Interestingly Beller pursues the idea of missed opportunities in the following section, beginning with Ferdinand’s ascension to the throne in 1835. Certainly there was even less possibility for reform under the mentally incompetent Ferdinand. Nevertheless, society, the economy and nationalist culture were rapidly developing, despite the “drag” (Beller’s term) of Metternich’s system. The 1848–49 Revolutions, in Beller’s account, exposed further and deeper questions of modernity—Germany, nationalism, representative and constitutional government, the place of Jews, amongst the more significant. Franz Joseph became the ruler and he is well characterized by Beller as “brave, but not imaginative; conservative, even reactionary, but also practical and empirical in his approach, prepared, ultimately, to let the ends justify the means” (p.90). Yet the 1850s “revolution from above” was, according to Beller, not accompanied by sufficient support or loyalty (p.100). From 1861 onwards, then, the task facing the Monarchy was “to achieve the necessary basis of political and financial support” (p.107). Beller’s assessment of the 1867 Compromise is mostly negative, principally because it perpetuated national strife (pp.126–27). This was exacerbated by the onset of mass politics leading to the world of c1900; politically chaotic but also culturally, intellectually, creatively innovative, indeed evincing a form of modernity (p.191). In the context of regional and local administration, Beller acknowledges that some indistinct sort of “multinational federation” was emerging and that “national groups were realizing their goals within the Monarchy’s parameters” (p. 211). Nevertheless, the administrative costs and the ongoing political crises crippled the military budget. The Monarchy, it seems, was trying to balance between incompatible goals and viewpoints, without truly committing to any fundamental new direction.
Here, on the cusp of World War I, Beller summarizes his overall argument.
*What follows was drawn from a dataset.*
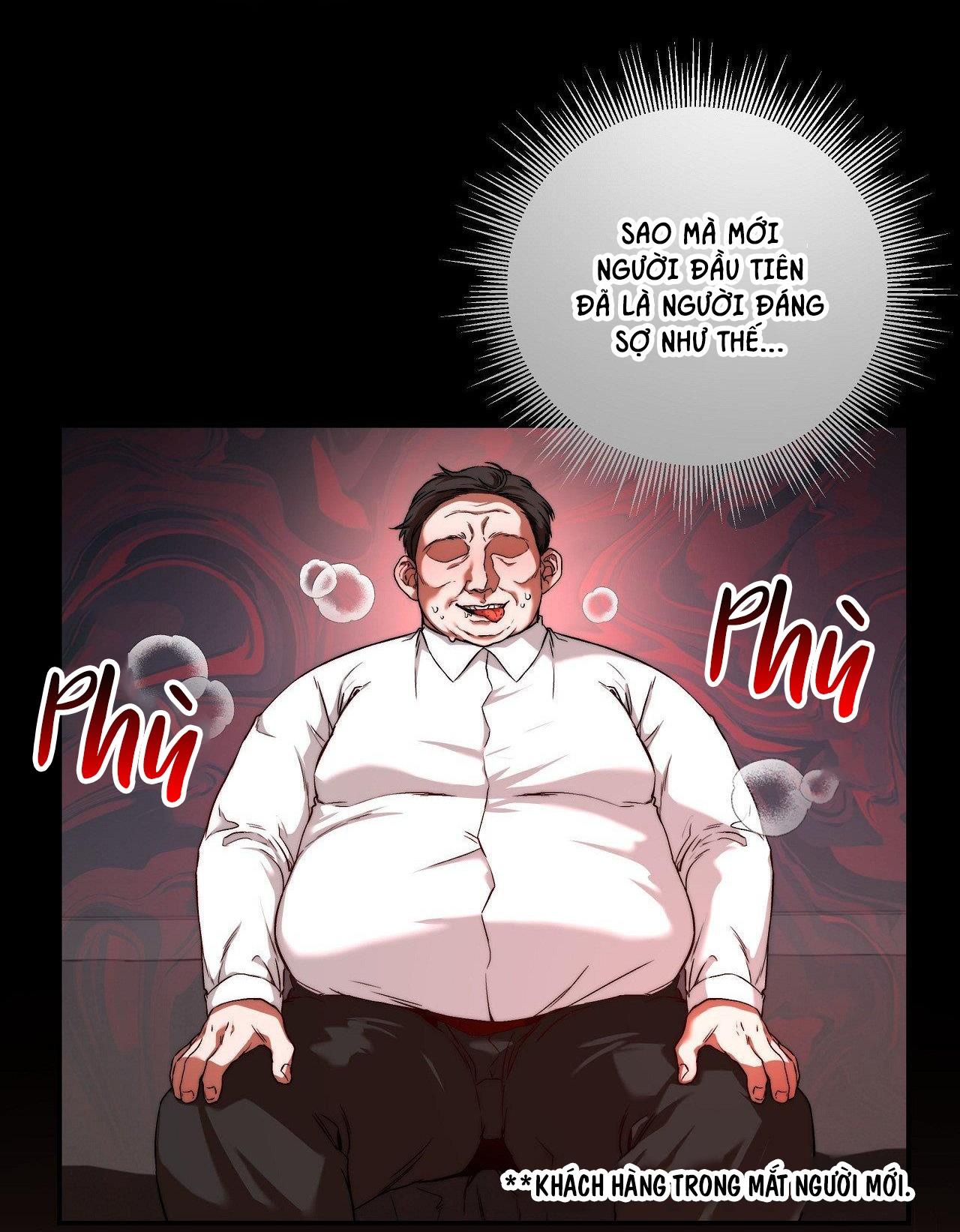 câu lạc bộ bí mật chapter 2.1 20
The relationship between state and citizen “was still mainly ‘top-down’”—a contrast with Judson’s representation of a complex negotiation between state and citizens (pp.223–24). According to Beller, it was up to the decision-makers to “square the circle” and introduce decisive, fundamental reforms.
The Monarchy could have, hypothetically, developed as a progressive, federal, prosperous, efficient and law-abiding state, where each nation’s equal status was protected, and acted as a magnet for the rest of southeastern Europe, becoming a real European necessity. (p.225)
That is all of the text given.